FIBA Şampiyonlar Ligi’nde temsilcimiz Pınar Karşıyaka, çeyrek final serisinde İtalyan ekibi Reyer Venezia ile karşılaşacak.

by Utkan Şahin / info@eurohoops.net

İki maç üzerinden oynanacak olan çeyrek final eşleşmesinde ilk maç bugün Karşıyaka’nın evinde oynanırken, ikinci maç ise 29 Mart’ta İtalya’da oynanacak.

Geçtiğimiz tur Beşiktaş Sompo Japan’ı eleyerek bir anda turnuvanın favorilerinden biri haline gelen Pınar Karşıyaka, yıllar önce elinden kaçan kupayı bu sefer Türkiye’ye getirmek istiyor. İtalya’nın köklü takımlarından Reyer Venezia ise aynı Karşıyaka gibi bir zamanlar elinden kaçan Avrupa Kupası’nı kazanarak kulüp tarihinde bir ilke imza atmak istiyor.

Detaylı analize başlamadan önce gelin, iki takımın geçmişine ve bu sezonki performansına biraz bakalım.

İki Takımın Geçmişi

Karşıyaka, ligin büyük bütçeli takımlarının yanında her zaman basketbol kültürü ve seyircisiyle var olan bir takım. 1975-1976 sezonundan beri aralıksız bir şekilde birinci ligde mücadele eden Karşıyaka, ligin baş üstü takımlarından biri olmayı başardı. Şampiyonluğa oynayan takımlarla aynı bütçelerle mücadele etmese de oluşturduğu atmosfer ile her zaman ligin en önemli takımlarından biri olan İzmir ekibi, bazen bütün karşıtlığa rağmen büyük bir başarı hikayesi yazarak başarılar elde etti.

1986-1987 sezonunda şampiyon olarak taraftarına tarifsiz bir mutluluk yaşatan Karşıyaka, o başarıdan sonra ligin zirvesinden biraz uzak kalsa da 2000’lerin başıyla birlikte geri döndü. 2000’den sonra oynanan 17 sezonun 13’ünde de playoff yapma başarısı gösteren İzmir ekibi, düzenli bir organizasyon başarısı yakaladı. 2012-2013 sezonunda takımın başına Ufuk Sarıca‘nın geçmesiyle birlikte bu başarıya bir de basketbol aklı koyan Karşıyaka, tarihinin en iyi günlerini yaşadı.

Ufuk Sarıca, döneminde 2014-2015 sezonunda kimse şans vermezken, Karşıyaka, büyük takımları bir bir eleyerek şampiyonluğa ulaştı. Aynı dönemde bir Türkiye Kupası ve bir de Cumhurbaşkanlığı Kupası kazanan takım, 2012-2013 sezonunda ise EuroChallange’ı finalde kaybetti.

İtalya’nın en köklü takımlarından biri olan Reyer Venezia, basketbol şubesini 1925’te kurdu. 1942 ve 1943’te tarihinin en büyük başarısını yaşayarak İtalya Ligi’ni kazanan Venezia, yıllar içerisinde ise giderek lig içerisindeki yerini kaybetti. 2000’lerin ortasında ligden düşen Venezia, 2011-2012 sezonuyla birlikte lige geri döndü.

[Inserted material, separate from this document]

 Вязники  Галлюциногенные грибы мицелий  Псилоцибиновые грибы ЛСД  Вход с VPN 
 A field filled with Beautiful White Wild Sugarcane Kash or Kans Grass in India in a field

Lige döndüğünden beri istikrarlı bir performans sergileyen İtalyan ekibi, beş sezonda dört kere playoff’a kalma başarısı gösterse de final görmedi.

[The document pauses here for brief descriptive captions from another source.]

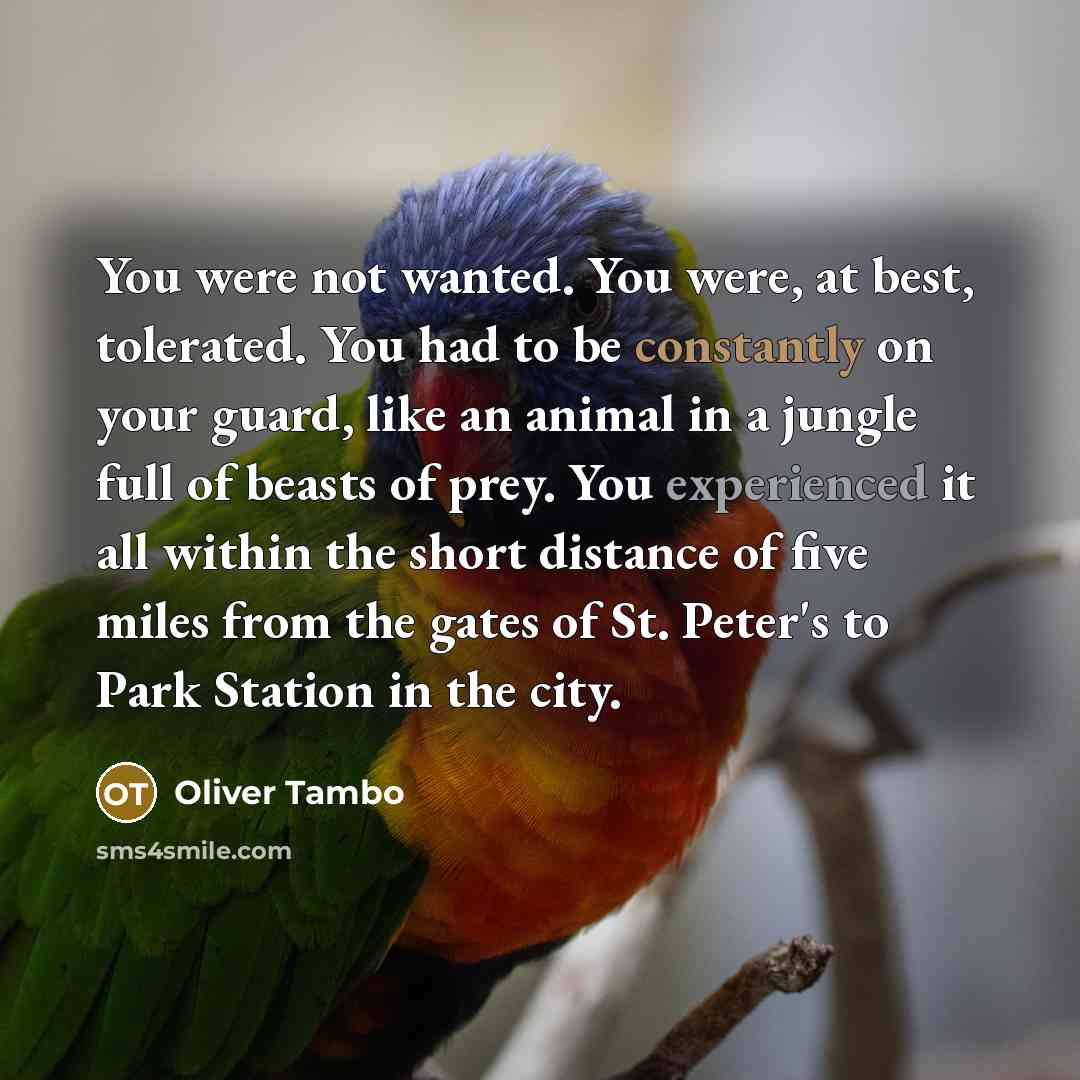 “You were not wanted. You were, at best, tolerated. You…” quote by Oliver Tambo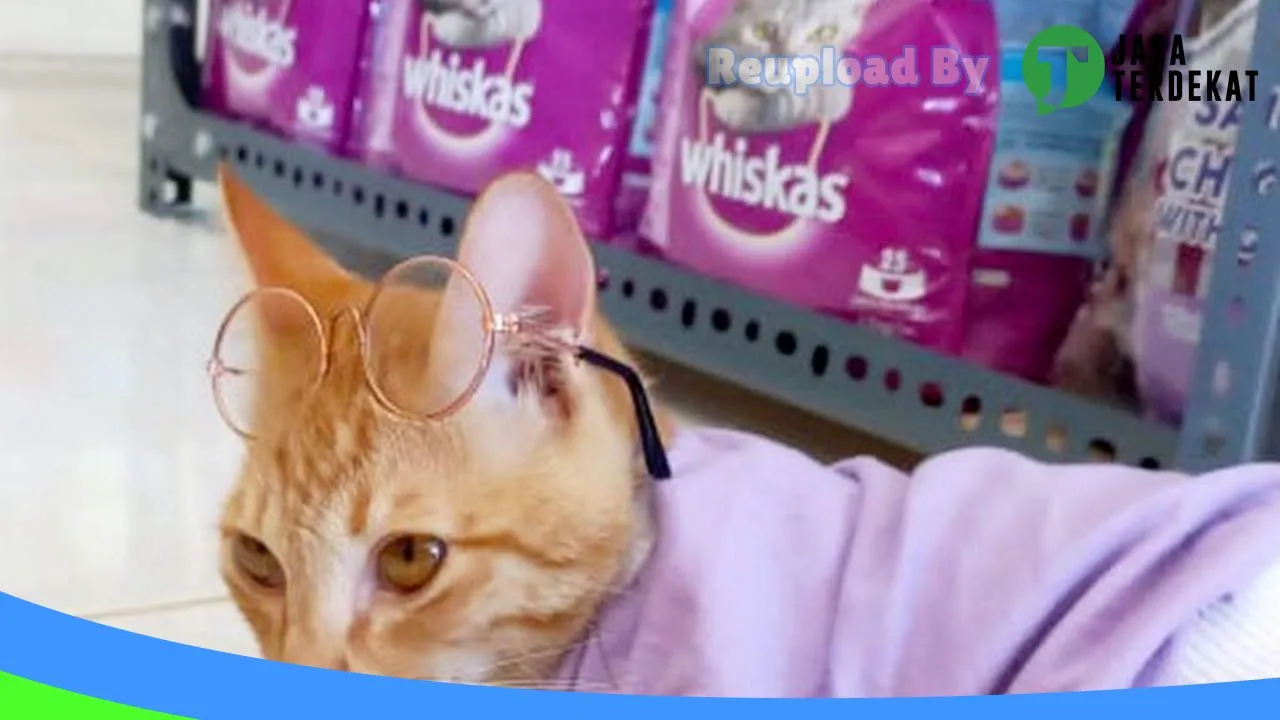 Gambar Kolaka Pet Shop Bombana di Buton, Sulawesi Tenggara ke 2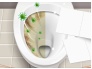 Cosmeau Toilet Cleaner Sheets 1.jpg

Avrupa kupalarında en büyük başarısını 1981’de Koraç Kupası’nda final oynayarak yaşayan Venezia, Joventut’a finalde 1 sayı farkla kaybederek kupayı kazanamadı.

İki Takımın Bu Sezonu

Ufuk Sarıca ile geçen harika dönem sonrası, bu yaz iki tarafın yolları ayrıldı. Ufuk Sarıca, Beşiktaş’ın yolunu tutarken, Karşıyaka ise Nenad Markovic’i takımın başına getirdi.

Geçtiğimiz sezon Euroleague için kurulan ancak sonradan birçok hamle yapılan kadroda bir tane bile yabancı oyuncu kalmazken, yerli oyunculardan ise Egemen Güven, Muhammed Baygül, Soner Şentürk kadroda kaldı. Yabancı transferine oyun kurucu rotasyonuyla başlayan Karşıyaka, Belçika’da kariyerini sürdüren Kevin Dillard ile anlaştı. Bir sezon önce Türk Telekom forması giyen skorer oyuncu J’Covan Brown’u kadrosuna katan İzmir ekibi, bombayı Mateusz Ponitka ile anlaşarak yaptı. Eurocup’ta “Yılın Yükselene Yıldızı” seçilen Ponitka’yı kadrosuna katan Karşıyaka, 4 numara içinse NBA patentli oyuncu DaJuan Summers ile anlaştı. Summers’ın yanına bir başka NBA patentli uzun Josh Boone’u koyan İzmir ekibi, iki oyuncuyu yedeklemesi içinse daha önce Olympiakos formasıyla aklımıza kazınan Brent Petway ile anlaştı. Altyapıdan Alp Karahan ve Görkem Doğan’ı çıkartan Karşıyaka, ayrıca Erdi Gül Aslan’ı da kadrosuna kattı.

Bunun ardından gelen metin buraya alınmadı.